A Review of Amitav Ghosh's Sea of Poppies
May. 18th, 2009 09:31 am![[identity profile]](https://www.dreamwidth.org/img/silk/identity/openid.png)
A Review of Amitav Ghosh’s Sea of Poppies
If one were to take the sea-faring tales of Herman Melville, constellate them along an oceanic axes linking India and Mauritius and China, the result might be Amitav Ghosh’s Sea of Poppies, which takes place for the most part on a boat (called the Ibis) commissioned in the export of opium and populated ultimately with coolies, prisoners, stowaways, and shipmates. Sea of Poppies was shortlisted for the Man Booker Prize in 2008. Ghosh is also author of The Hungry Tide, The Shadow Lines, The Calcutta Chromosome, The Circle of Reason, among other novels. He is of course an interesting figure to consider within an Asian Americanist frame, especially because this novel, in particular, does place the United States in a larger economic trajectory in the early 19th century with South Asia, East Asia, and Africa, not simply a transatlantic route, but a truly global one. How does one situate this text then? It is not quite a postcolonial text, nor does it traffic within one national frame and the fact that so much takes place literally on the ocean with characters of different national and ethnic origin all make the question of the “melting pot” or in this case, the “melting boat,” a very salient one.

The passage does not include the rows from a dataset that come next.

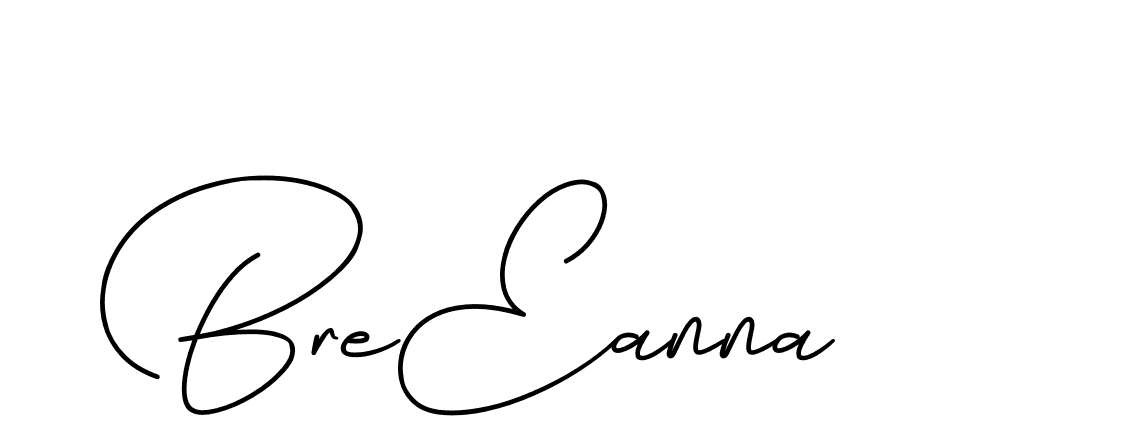 The best way (CinemathicVisualation-2OYgl) to make a short signature is to pick only two or three words in your name. The name Ceard include a total of six letters. For converting this name. Ceard signature style 2 images and pictures png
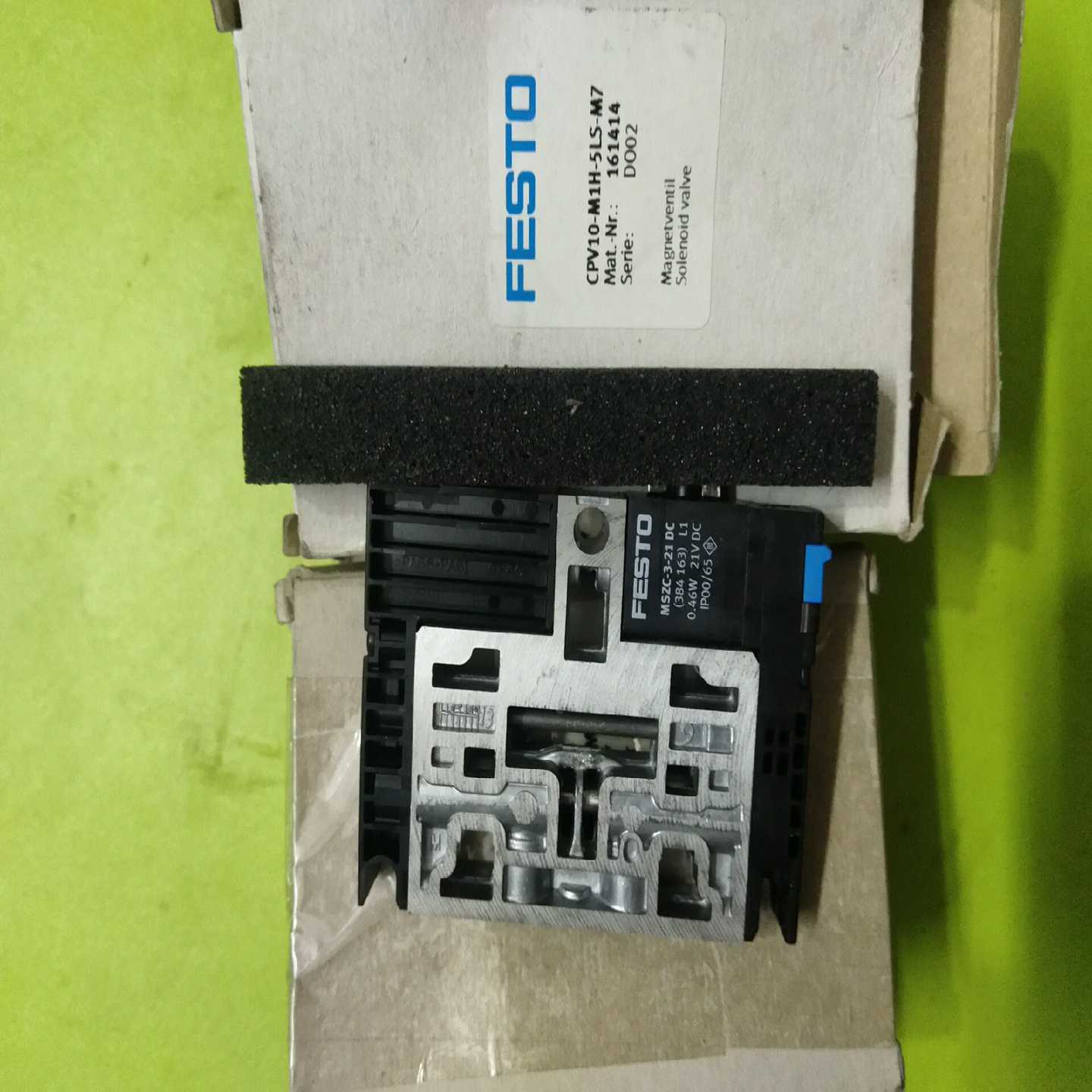 多摩川伺服电机TBL-i4509N1021E100/询价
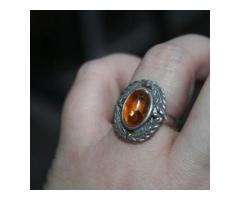 MAGIC RINGGGX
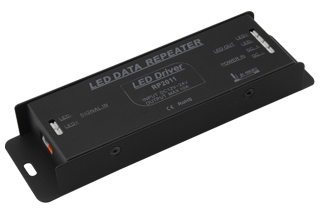 LED功率放大器報價 蘇州品縱光電供應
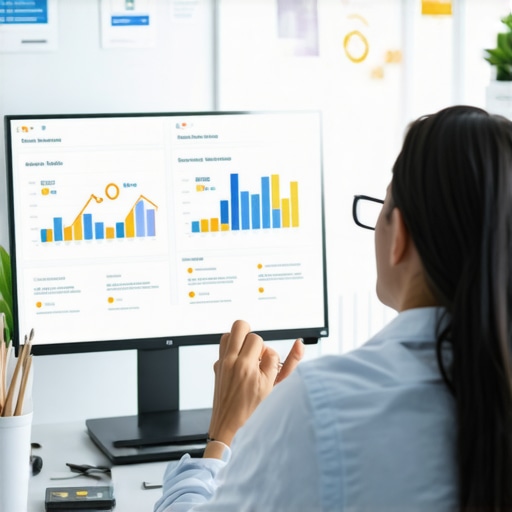 Budget SEO Cost Experts: Proven Strategies for Local SEO Pricing 2024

While the novel takes its leisurely time for the principle characters to meet, once the connections are made clearer, the dynamism of the novel is quite apparent. Ghosh is a masterful storyteller and Sea of Poppies is the perfect work that demonstrates the globalizing forces of literary representation. Indeed, the cast of the novel includes an ethnically French, but Indian raised stowaway, named Paulette, a metif shipmen named Zachary Reid, the dastardly British entrepeneur, Benjamin Burnham, a Indian village woman, Deeti, among many others who will eventually come to populate the story. Ghosh texturizes the narrative through dialect, rendering English in a variety of different ways. The individual trials that each character faces will yet bring them together to the Ibis.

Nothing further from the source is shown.